Subject: [Tweeters] Re: Bill Anderson's spam message alert
Date: Nov 1 09:08:37 2012
From: Carol & Lynn Schulz - carol.schulz50 at gmail.com


Hi Tweets:
I too received two spams w/ girlie pix, that looked like they were from Tweeters. But I noticed the two spammers had similar screen names with part of my gmail password imbedded in them!
Yesterday I changed my gmail psword. But then when I tried to access Tweeters, I could not. So THEN, I got onto the http://mailman address that is at the bottom of all of the Tweeters msgs. I changed my Tweeters address and at the same time, for good measure I changed my Tweeters psword. A real pain for low-tech me.
Turns out the spammers can now find out your password. There is an interesting video on ask.com about how to stop your passwords from being hacked. I entered "how to stop my gmail from being hacked", but you could plug in your own email provider like yahoo or whatever. When coming up with a new password that should be nonsense numbers and letters, look at the bottom of a dollar bill or something for a bunch of random numbers.
Hope this helps. I'm no expert though.
Yours, Carol Schulz
Des Moines


From: Pterodroma at aol.com
Sent: Thursday, November 01, 2012 2:58 AM
To: tweeters at u.washington.edu
Subject: [Tweeters] Re: Bill Anderson's spam message alert


Thanks for posting this Bill (confirms that I'm not the only one!) as I've been getting presumably exactly the same, 2-3 times a day for the past three days coming each time from a different fictitiously named unknown "person" each time in reply to one of my and each time same messages posted recently on tweeters.
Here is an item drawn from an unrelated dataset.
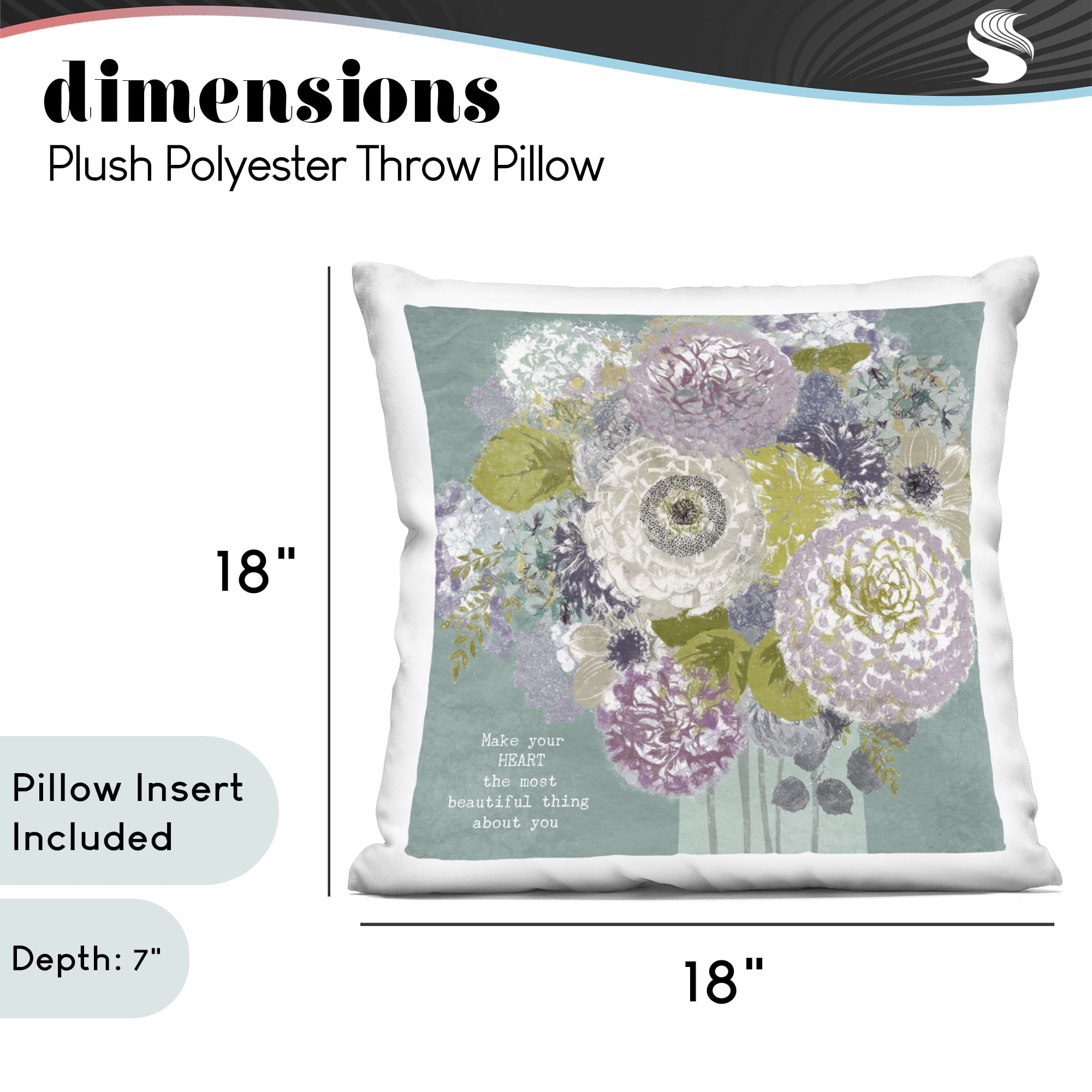 Stupell Industries Most Beautiful Thing Florals Decorative Printed Throw Pillow, design by Suzanne Nicoll, 18 x 7 x 18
Fortunately that message warranted no reply from anyone and easy to dispose of. I only 'read' two when I realized what it was and NEVER clicked on the embedded web link. Now that I know what this is, I just send all these 'suspect' messages unopened/unread to my 'report spam' option. Hopefully this will be resolved and go away soon. But I am grateful at least to know that this matter wasn't just me and something malicious that somehow invaded my airspace, but more widespread, ...and hopefully harmless if left untouched. Thanks!